Общие знания разношерстной младшей ступени сразу показывали, кто чего стоит. Новички усердно пытались сплести оберег из ивового прутика или начертить охранный знак; лучшие ученики рисовали защитные круги или читали с завязанными глазами; те же, на кого жрецы уже махнули рукой, отчаянно пытались погрузить соседа в сон или хотя бы не уснуть самому. Жрецы зорко следили за успехами своих подопечных, пытаясь выявить у них доминирующий дар. Это было сутью младшей ступени – определить суть магии ученика. Большинство одаренных имело несколько смежных способностей, и чем больше было их количество, тем хуже выходило качество. Случалось, что рождались дети с единственным «чистым» даром; самыми ценными среди них считалось четыре высших навыка: чтение мыслей, полет, исцеление и прорицание. Целители, рождавшиеся так редко, пользовались особым почетом среди всех народов Обозримых земель. Летать могли многие из назарских магов, так же как маги-ванды были склонны к прорицанию. Телепаты появлялись во всех народах, но редко; последним «чистым» телепатом среди воспитанников Храма был наставник Арамил. Перемещать предметы умел понемногу каждый маг; впрочем, сдвинуть что-либо тяжелее собственного веса могли лишь некоторые. В древних летописях говорилось о магах моах, которые настолько преуспели в этом навыке, что могли перемещать собственное тело на невероятные расстояния; большинство жрецов относились к подобным записям скептически.

Байки о «чистых» будоражили умы юных магов; по школе гулял слух, что один из нынешних адептов обладает настоящим даром исцеления… Но ученики высшей ступени жили в отдельном корпусе, поэтому слухи так и оставались слухами.

Будни Храмовой школы текли однообразно. Первогодки, наловчившись делать амулеты удачи, мнили себя великими магами и лезли в драки, едва учителя отворачивались; старшие ученики, из которых жрецы уже выбили всю дурь, трудились не разгибая спин, потому что хотели стать адептами; адепты не тратили время даже на сон, мечтая пройти посвящение. Одна лишь Сайарадил Вэй не могла найти себе места.
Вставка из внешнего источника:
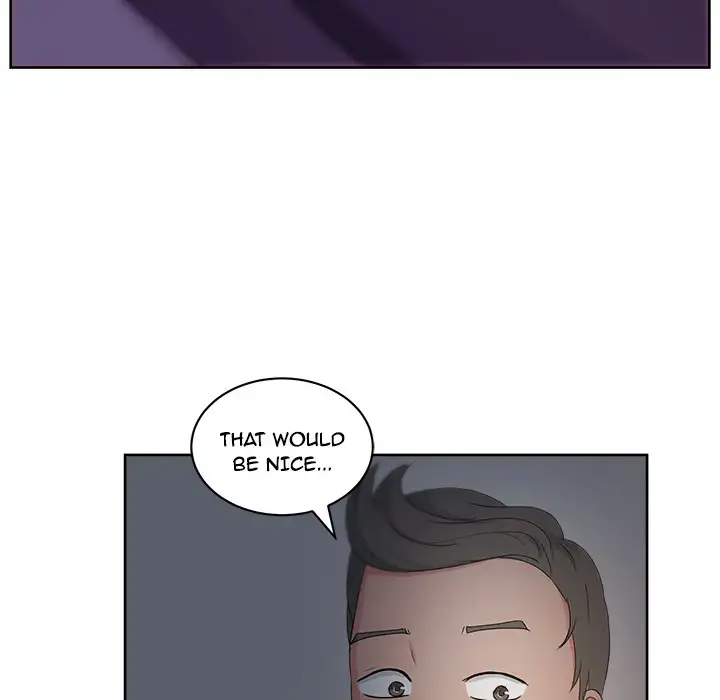 Soojung’s Comic Store - Chapter 13 [photo 104] - MangaPorn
Ее больше не мучили сны, но теперь она мечтала вернуться в те времена. С каждым днем, проведенным в Храме, Сайарадил было все труднее держать лицо. Всю жизнь ее учили прятаться за маской спокойствия, чтобы не нанести ущерб репутации рода – но теперь с ней рядом не было ни прежних учителей, ни отца, способного одним своим видом вогнать Сайарадил в оцепенение. Храмовые учителя не пугали Сайарадил; по правде сказать, они были куда менее суровы, чем ненавистный геометр… Учителя-жрецы, обучавшие младшую ступень, громко кричали на своих подопечных и не брезговали рукоприкладством, но были, по большей части, недалекими людьми. Через месяц Сая стала испытывать к ним глубочайшее отвращение. Любые мелочи, будь то громкие голоса или случайный луч солнца, раздражали ее. Когда это раздражение прорывалось наружу, происходили странные вещи. Вазы с цветами трескались из-за того, что вода в них замерзала. Настои, приготовленные для ритуальных омовений, протухали. Когда же зацвел целебный источник, Сайарадил вызвали на Совет наставников, и если бы не Арамил, кто знает, вернулась ли бы она обратно!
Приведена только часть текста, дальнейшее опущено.